– Ah, sí. Esta niña también tenía diazepam en la orina. Una cantidad muy pequeña.
– ¿Qué sentido tiene darle un calmante a un niño?
– Pues calmarlo, diría yo. Quizás él los mantiene encerrados… en un sitio en el que no conviene que hagan ruido. Quizá tenga que dormirlos.
– Si quisiera que se durmieran, podría darles un somnífero.
– Sí, pero quizá no tenga acceso a esa clase de fármacos. Quizá sólo tenga… Valium.

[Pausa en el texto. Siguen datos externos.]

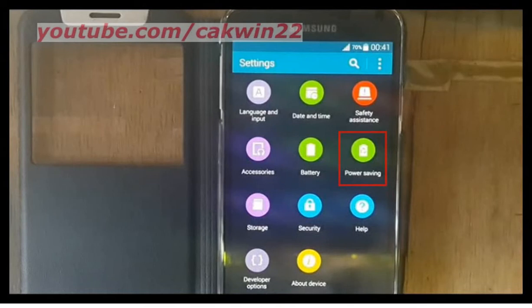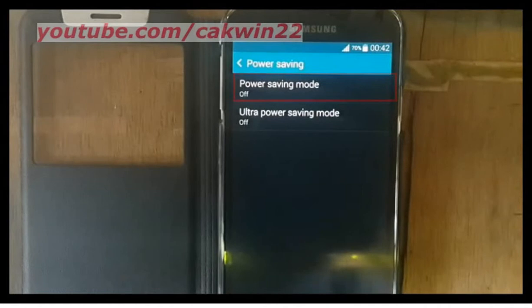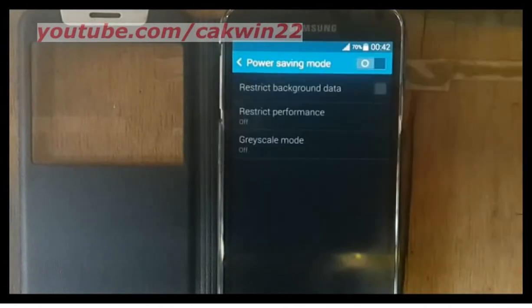Tap power saving, tap power saving mode, slide power saving mode switch to the right to enable.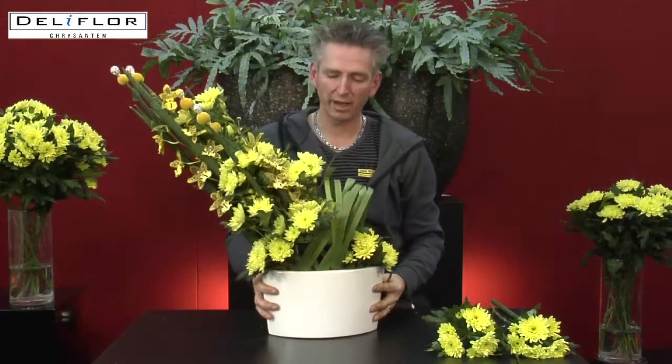So in this way I hope I inspired you to use this beautiful chrysanthemum Sembla Brazil also in your own design. Thank you.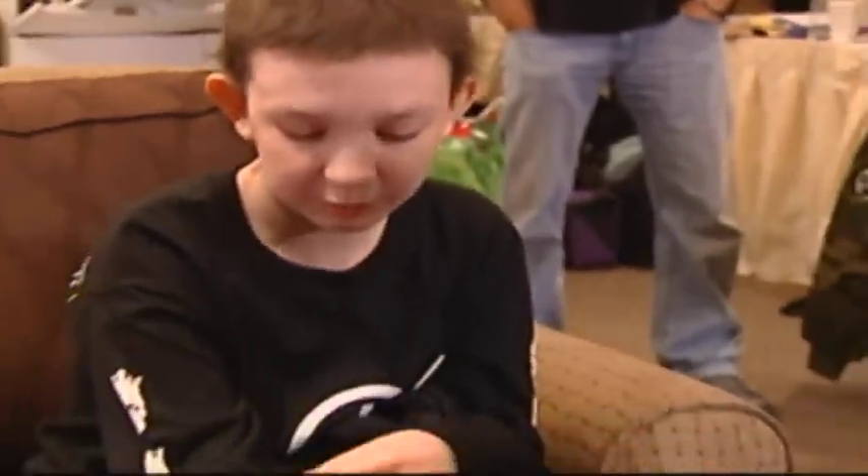Look at this little smile, you're so precious, both of you. Anybody have any questions? How do you endure pain? I need to know so that when they take my blood it doesn't hurt.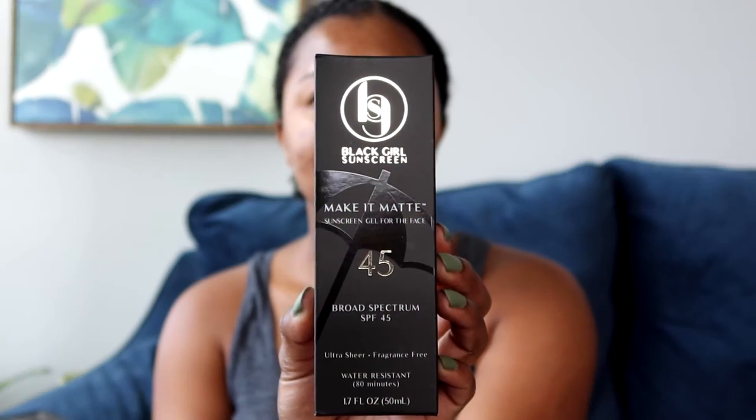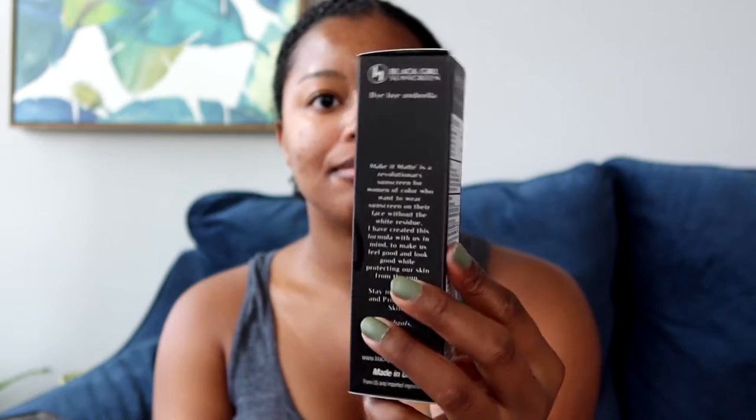For my first video, I will be reviewing and demoing the Black Girl Sunscreen Make It Matte sunscreen gel for the face. It is an SPF 45 and this is the packaging — I will tell you some more about this product.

– ¿Quién tiene acceso al Valium?
– Ay, Dios… -Stubø ahogó un bostezo y sacudió bruscamente la cabeza-. Muchísima gente -suspiró-. Para empezar, todos aquellos a los que realmente se lo ha recetado el médico. Deben de ser miles de personas, por no decir decenas de miles. Luego están los farmacéuticos, los médicos, los enfermeros… Aunque se supone que tanto los hospitales como las farmacias lo tienen controlado, se trata de cantidades tan ínfimas que casi no hay límites para… Podría ser simplemente cualquiera. ¿Sabía que más del sesenta por ciento de la gente abre los armarios cuando está en un baño ajeno? Robar un par de pastillas o tres es la cosa más sencilla del mundo. Si alguna vez conseguimos pillar a este tipo, no será porque esté en posesión de Valium o de Vival.
– Si alguna vez lo consiguen… -repitió Inger Johanne-. Qué pesimista.
Yngvar Stubø se entretenía con un cochecito de juguete, deslizándolo sobre la palma de la mano. Los faros delanteros brillaban débilmente cuando las ruedas se ponían en movimiento.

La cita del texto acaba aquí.